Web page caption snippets
______________________________

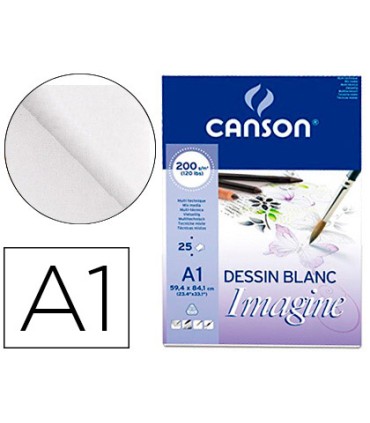 Bloc dibujo multitecnicas canson imagine din a1 encolado liso 594x841 cm 25 hojas 200 gr m2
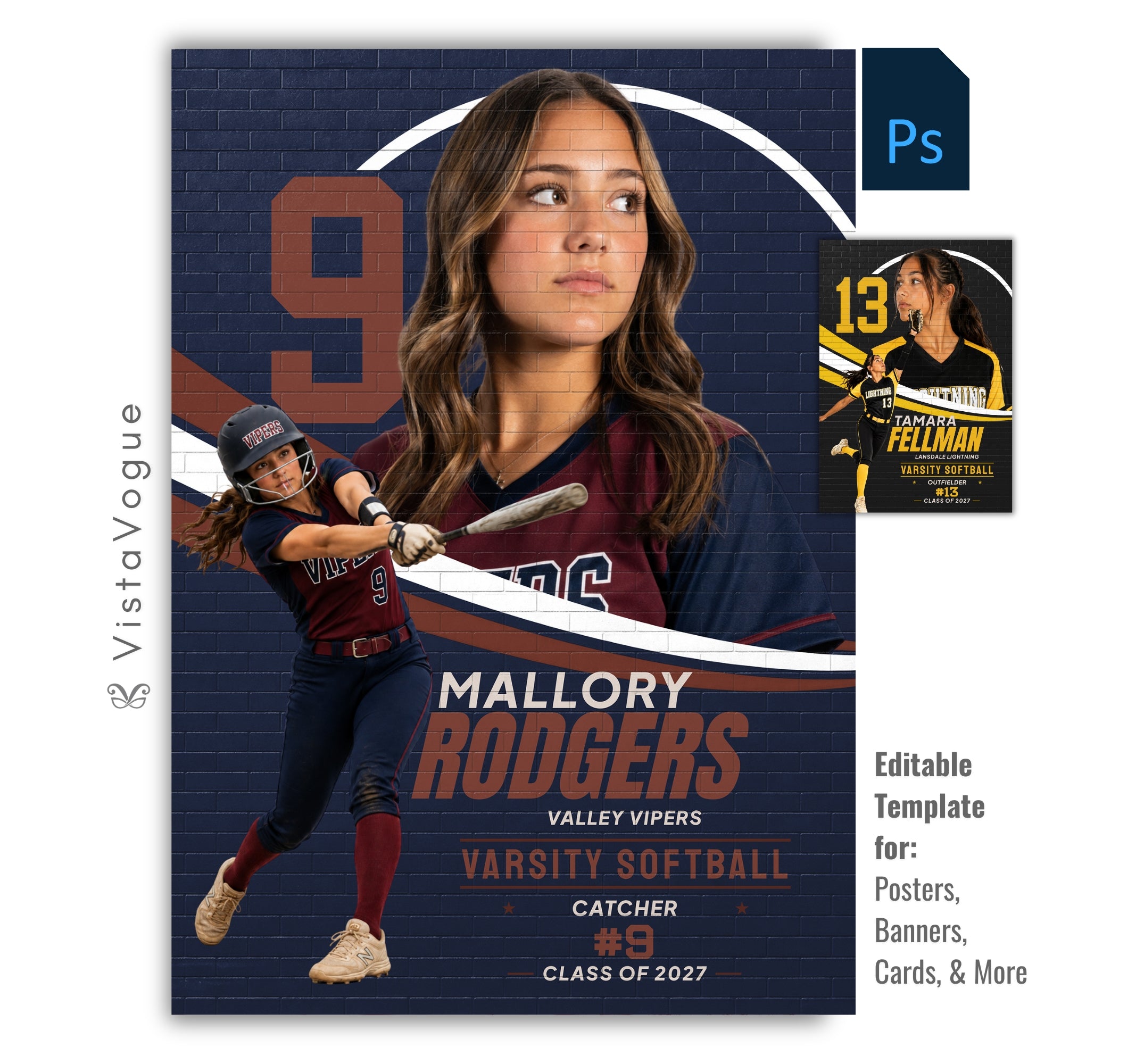 Editable softball poster Photoshop template featuring a brick wall mural effect, oversized jersey number, layered player composition, customizable athlete information, and a modern 5:7 sports design.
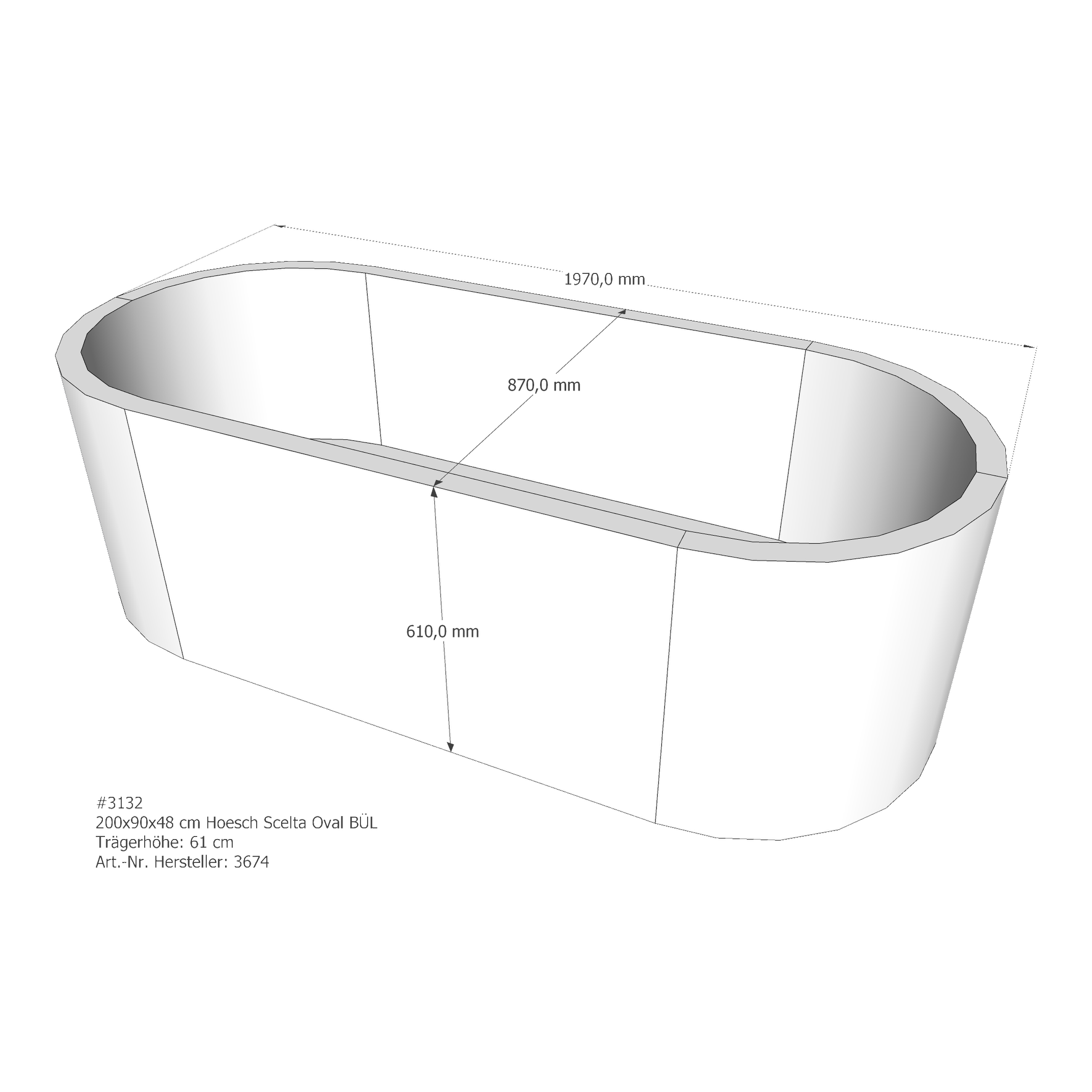 Badewannenträger für Hoesch Scelta 2000×900 200 × 90 × 48 cm Badewannenträger für Hoesch Scelta 2000×900 200 × 90 × 48 cm
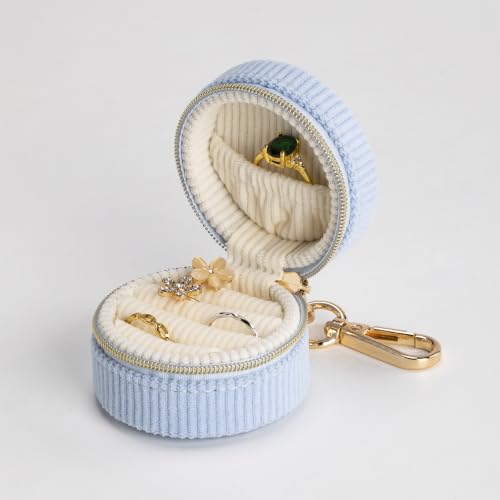 Blue Ring Box & Jewelry Organizer with Keychain - Mini Velvet Travel Case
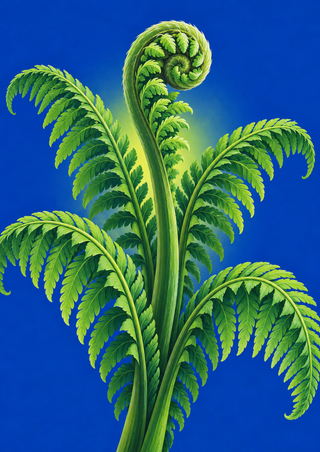 A large green fiddlehead fern with a prominent curled shoot and arching mature fronds against a saturated blue background.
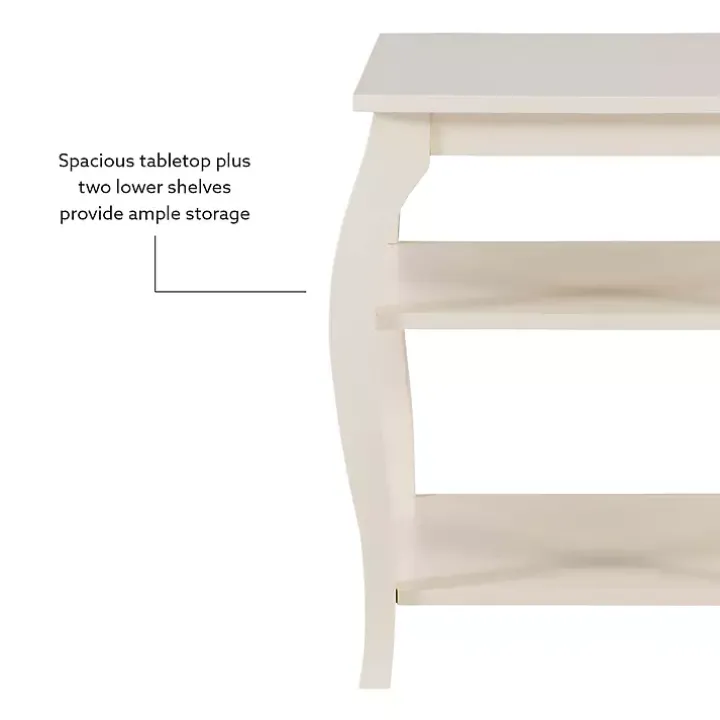 White Prismatic Wood Accent Table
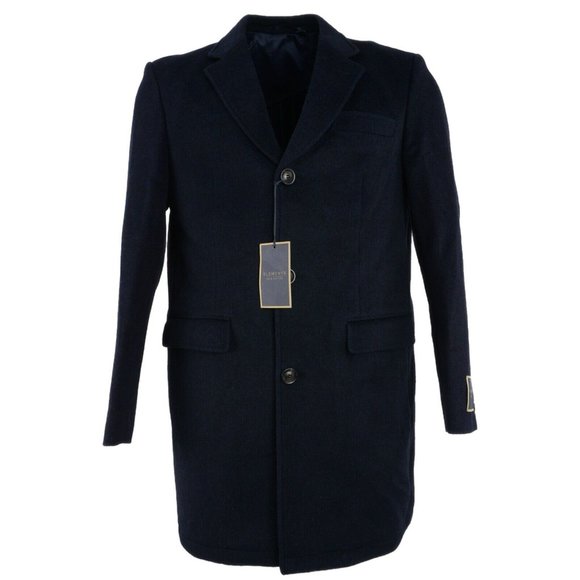 New $695 Jack Victor Jenson Mens 40R Dark Blue Flannel Wool Notch Top Over Coat - Picture 1 of 8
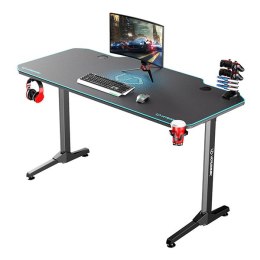 ULTRADESK Biurko dla gracza FRAG - BLUE, 140x66 cm, 76 cm, z XXL podkładką pod mysz, uchwyt na słuchawki i napój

______________________________

## Requirement
Please give the data again in full, exactly as written, but without any images.

## Written solution
 Bloc dibujo multitecnicas canson imagine din a1 encolado liso 594x841 cm 25 hojas 200 gr m2
 Editable softball poster Photoshop template featuring a brick wall mural effect, oversized jersey number, layered player composition, customizable athlete information, and a modern 5:7 sports design.
 Badewannenträger für Hoesch Scelta 2000×900 200 × 90 × 48 cm Badewannenträger für Hoesch Scelta 2000×900 200 × 90 × 48 cm
 Blue Ring Box & Jewelry Organizer with Keychain - Mini Velvet Travel Case
 A large green fiddlehead fern with a prominent curled shoot and arching mature fronds against a saturated blue background.
 White Prismatic Wood Accent Table
 New $695 Jack Victor Jenson Mens 40R Dark Blue Flannel Wool Notch Top Over Coat - Picture 1 of 8
 ULTRADESK Biurko dla gracza FRAG - BLUE, 140x66 cm, 76 cm, z XXL podkładką pod mysz, uchwyt na słuchawki i napój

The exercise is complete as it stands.